In some aspects, the techniques described herein relate to a method, wherein building the execution plan includes: building a plurality of execution plans; testing each execution plan in the plurality of execution plans; and selecting a highest-performing execution plan as the execution plan.
In some aspects, the techniques described herein relate to a method, further including storing the highest-performing execution plan.
In some aspects, the techniques described herein relate to a method, wherein: building the execution plan includes generating computing code; retrieving the data from one or more data sources includes executing a portion of the computing code; and processing the data via one or more transforms includes executing an additional portion of the computing code.
In some aspects, the techniques described herein relate to a system including: at least one physical processor; physical memory including computer-executable instructions that, when executed by the physical processor, cause the physical processor to: receive, by an AI agent, a query from a user; process, by the AI agent, the query to derive an intent; build, by the AI agent, an execution plan based on the intent; retrieve, by the AI agent, in accordance with the execution plan, data from one or more data sources; process, by the AI agent, the data via one or more transforms in accordance with the execution plan; and return, by the AI agent, a result based on output produced by the one or more transforms.
In some aspects, the techniques described herein relate to a system, wherein returning the result includes presenting the processed data to the user.
In some aspects, the techniques described herein relate to a system, wherein returning the result includes dynamically building, by the AI agent, a graphical user interface to be displayed to the user.
In some aspects, the techniques described herein relate to a system, wherein returning the result includes dynamically generating, by the AI agent, at least one image to present to the user.
In some aspects, the techniques described herein relate to a system wherein returning the result includes performing a computing action.
In some aspects, the techniques described herein relate to a non-transitory computer-readable medium including one or more computer-readable instructions that, when executed by at least one processor of a computing device, cause the computing device to: receive, by an AI agent, a query from a user; process, by the AI agent, the query to derive an intent; build, by the AI agent, an execution plan based on the intent; retrieve, by the AI agent, in accordance with the execution plan, data from one or more data sources; process, by the AI agent, the data via one or more transforms in accordance with the execution plan; and return, by the AI agent, a result based on output produced by the one or more transforms.
The preceding description has been provided to enable others skilled in the art to best utilize various aspects of the exemplary embodiments disclosed herein.
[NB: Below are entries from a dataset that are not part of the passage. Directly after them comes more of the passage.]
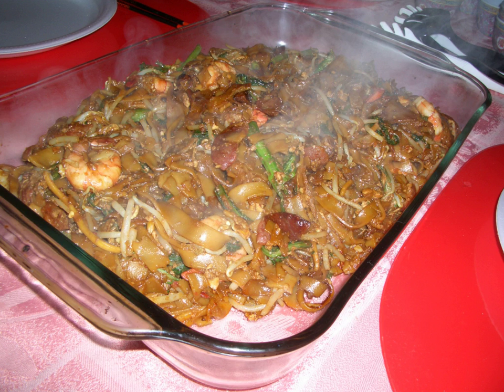In Penang, char kuei tiao is commonly served on a piece of banana leaf on a plate, so as to enhance the aroma on the noodles. Char kuei tiao has a reputation of being unhealthy due to its high saturated fat content.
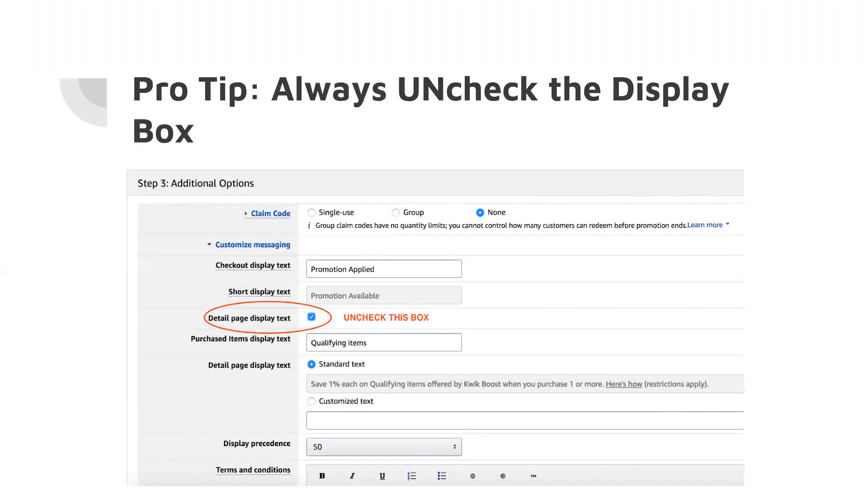I've actually heard of people and really sleazy softwares that do this. They actually search for people who give these crazy discounts and accidentally publish them on their page. What these people will do is they will go buy out their entire inventory at whatever the sale price is, and then they'll go resell it. It's a really, really shady tactic, and these are just things to be aware of. So always just uncheck the box.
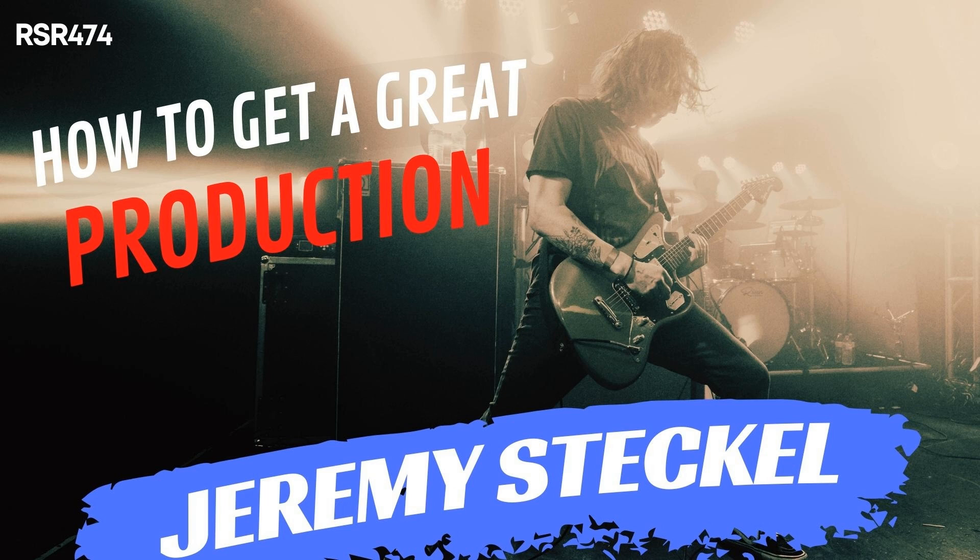Welcome back to Recording Studio Rockstars — I'm Lyd Shaw, bringing you into the studio to learn from recording professionals so that you can make your best record ever. My guest today is Jeremy Steckel, a musician and producer in Columbus, Ohio. Having settled into an indie pop and rock production and mixing universe, Jeremy focuses on building the landscape of the song around the vocal performance.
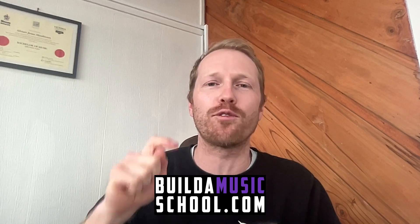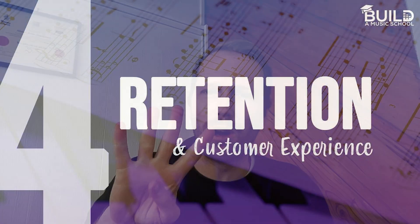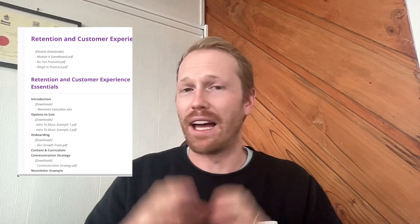Instead of just telling you about it, what would be best is if you head along to buildamusicschool.com — the link is in the description below this video. Head to module four and you'll find the music foundations curriculum there. It's all free. You can sign up for a seven-day trial, download all the content for absolutely free, and implement it straight into your music academy. There's a whole lot of other stuff there too, so grab the content and start implementing it.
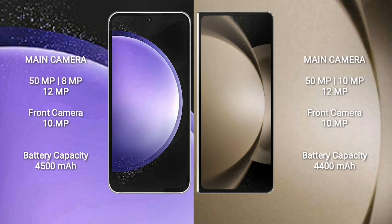Samsung Galaxy S23 FE features a rear triple camera setup: 50MP plus 8MP plus 12MP, and a front camera of 10MP. Samsung Galaxy Z Fold 5 features a rear triple camera setup: 50MP plus 10MP plus 12MP, and a front camera of 10MP.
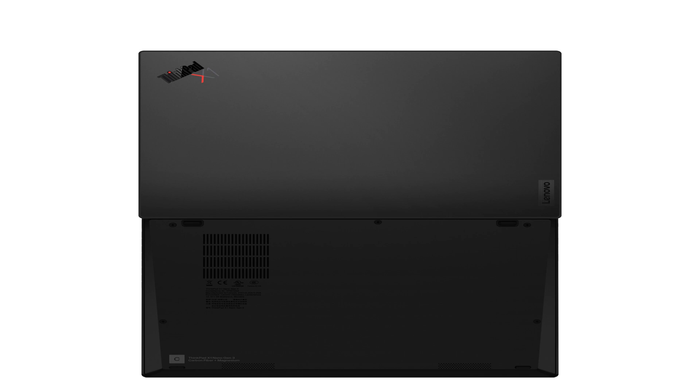Looking at the back top cover and bottom of the laptop, in terms of weight, the non-touch version comes in at 2.13 pounds or 966.5 grams. The touch version weighs 2.19 pounds or 991.5 grams.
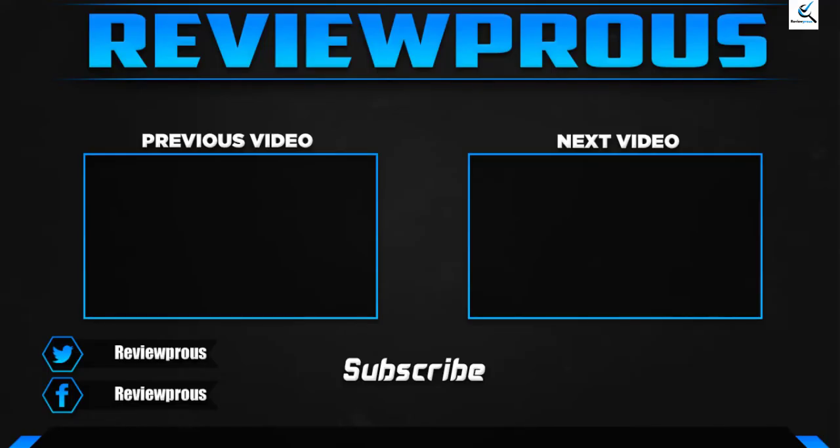Thank you for watching, guys. I hope you liked this video and that it was helpful. Please make sure to like, comment, and subscribe. If you have any questions related to these products, you can leave a comment down below and I'll get back to you as soon as possible.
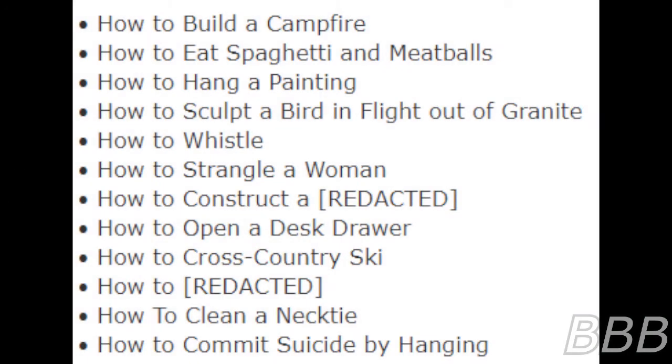A partial list of titles which have appeared since retrieval include: How To Build A Campfire, How To Eat Spaghetti And Meatballs, How To Hang A Painting, How To Scalp A Bird And Fight Out Of Granite, How To Whistle, How To Strangle Women, How To Construct A [REDACTED], How To Build A Dust Drawer, How To Cross Country Key, How To [REDACTED], How To Clean A Necktie, How To Commit Suicide By Hanging.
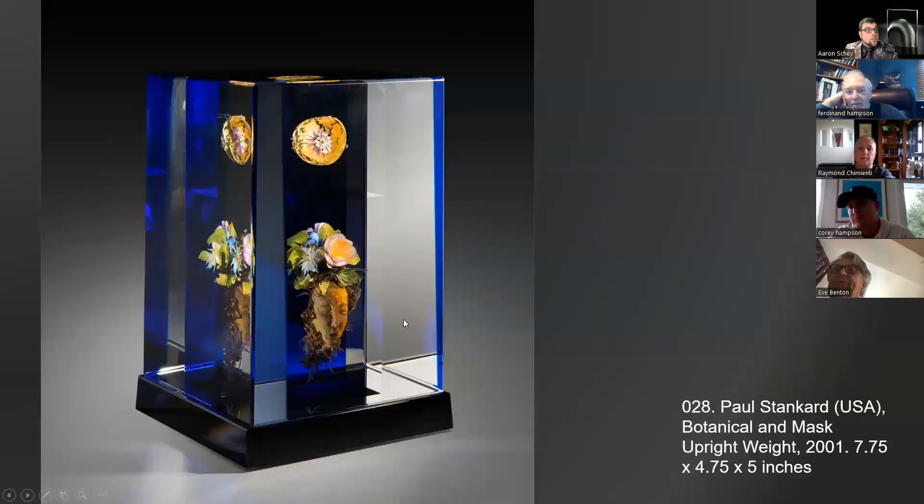Paul Stankard is, in Aaron's opinion, the world's best paperweight maker — still working today but making smaller pieces. From the Belkin collection of Annie and Michael Belkin, we received several unmistakably impressive pieces. This upright weight — the terminology for this body of work — is museum quality. We sold a giant one to the Flint Museum of Art during the pandemic. This one takes the cake: it has bugs, masks, a floating orb — a truly all-around exquisite example of Paul Stankard's work.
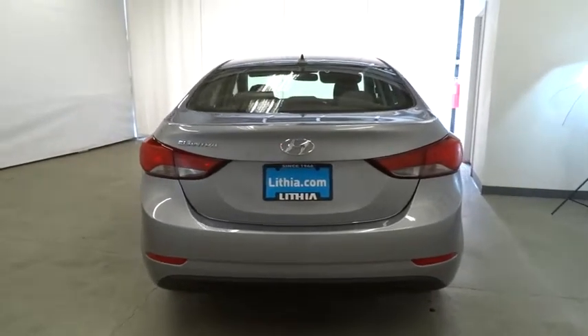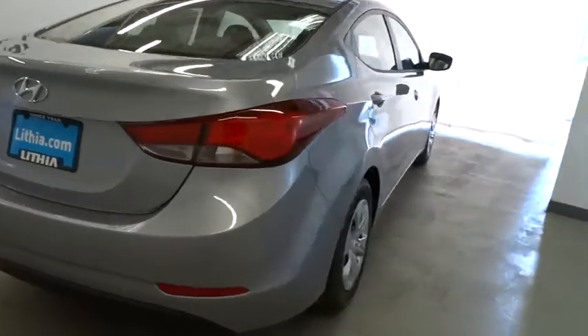If you like it online, you'll love it in your driveway. Take it for a spin today.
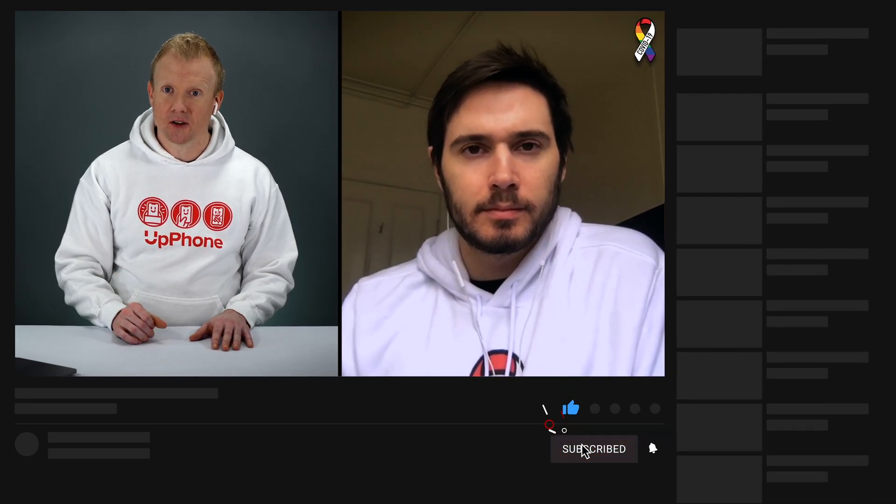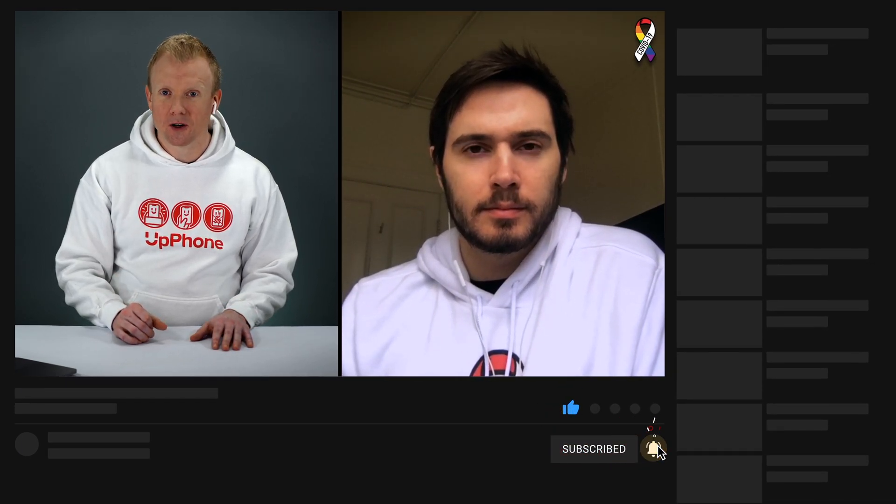That's our video about whether the iPhone SE 2 is waterproof, and the answer is no — it's water-resistant. Thanks so much for watching. If you enjoyed it, please give it a thumbs up. You can leave us a comment down below if you have any other questions, and don't forget to subscribe to our channel for more great iPhone and cell phone videos.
This exemplary description is not intended to be exhaustive or to be limited to any precise form disclosed. Many modifications and variations are possible without departing from the spirit and scope of the present disclosure. The embodiments disclosed herein should be considered in all respects illustrative and not restrictive. Reference should be made to the appended claims and their equivalents in determining the scope of the present disclosure. Logistics and receiving personnel can later view these logs to verify that the cap lock system is being used correctly.
Unless otherwise noted, the terms “connected to” and “coupled to” (and their derivatives), as used in the specification and claims, are to be construed as permitting both direct and indirect (i.e., via other elements or components) connection. In addition, the terms “a” or “an,” as used in the specification and claims, are to be construed as meaning “at least one of.” Finally, for ease of use, the terms “including” and “having” (and their derivatives), as used in the specification and claims, are interchangeable with and have the same meaning as the word “comprising.”